-- Provided data follows --

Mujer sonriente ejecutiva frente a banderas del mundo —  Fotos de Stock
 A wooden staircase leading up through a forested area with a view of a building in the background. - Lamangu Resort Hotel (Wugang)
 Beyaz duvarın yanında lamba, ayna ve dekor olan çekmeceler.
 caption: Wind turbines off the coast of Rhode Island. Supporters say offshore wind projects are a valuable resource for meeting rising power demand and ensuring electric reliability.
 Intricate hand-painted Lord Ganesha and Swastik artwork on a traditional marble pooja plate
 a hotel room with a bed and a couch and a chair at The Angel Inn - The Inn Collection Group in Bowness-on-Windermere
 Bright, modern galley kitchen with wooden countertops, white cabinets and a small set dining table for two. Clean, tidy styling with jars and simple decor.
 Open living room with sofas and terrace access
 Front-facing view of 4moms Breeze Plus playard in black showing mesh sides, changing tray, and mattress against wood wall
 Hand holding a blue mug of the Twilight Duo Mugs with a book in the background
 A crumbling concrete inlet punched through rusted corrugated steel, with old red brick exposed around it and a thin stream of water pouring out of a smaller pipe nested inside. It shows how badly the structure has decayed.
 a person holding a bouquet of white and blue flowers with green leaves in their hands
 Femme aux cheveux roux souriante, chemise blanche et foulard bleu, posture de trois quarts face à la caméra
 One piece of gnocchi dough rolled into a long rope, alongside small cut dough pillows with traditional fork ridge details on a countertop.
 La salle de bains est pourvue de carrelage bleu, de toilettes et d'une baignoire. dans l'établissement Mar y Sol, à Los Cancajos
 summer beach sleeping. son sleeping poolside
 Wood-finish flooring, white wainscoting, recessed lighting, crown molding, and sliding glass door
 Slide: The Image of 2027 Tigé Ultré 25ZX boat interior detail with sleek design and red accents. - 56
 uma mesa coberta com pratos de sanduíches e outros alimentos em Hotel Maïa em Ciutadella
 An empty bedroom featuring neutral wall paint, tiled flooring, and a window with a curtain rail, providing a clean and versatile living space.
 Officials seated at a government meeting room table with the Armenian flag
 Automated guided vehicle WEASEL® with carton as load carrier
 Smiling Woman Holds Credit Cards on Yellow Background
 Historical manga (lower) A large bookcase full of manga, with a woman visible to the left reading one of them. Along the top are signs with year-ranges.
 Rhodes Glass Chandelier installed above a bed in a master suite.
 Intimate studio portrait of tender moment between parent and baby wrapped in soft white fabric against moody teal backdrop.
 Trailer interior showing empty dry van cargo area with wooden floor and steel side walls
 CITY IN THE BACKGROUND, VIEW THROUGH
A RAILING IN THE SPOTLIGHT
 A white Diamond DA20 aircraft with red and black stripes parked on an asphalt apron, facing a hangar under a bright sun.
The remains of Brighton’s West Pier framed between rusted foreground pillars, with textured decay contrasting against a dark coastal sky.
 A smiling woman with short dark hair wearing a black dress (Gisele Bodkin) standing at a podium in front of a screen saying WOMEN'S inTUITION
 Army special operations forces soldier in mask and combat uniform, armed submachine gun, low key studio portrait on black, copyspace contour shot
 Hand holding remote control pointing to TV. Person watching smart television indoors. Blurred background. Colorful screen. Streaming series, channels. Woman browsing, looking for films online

-- Provided data concluded --

Problem to work on:
Exact reproduction is required. Give the lines of the data from its first line through the line containing "Beyaz duvarın yanında", and no others.

Exercise response:
Mujer sonriente ejecutiva frente a banderas del mundo —  Fotos de Stock
 A wooden staircase leading up through a forested area with a view of a building in the background. - Lamangu Resort Hotel (Wugang)
 Beyaz duvarın yanında lamba, ayna ve dekor olan çekmeceler.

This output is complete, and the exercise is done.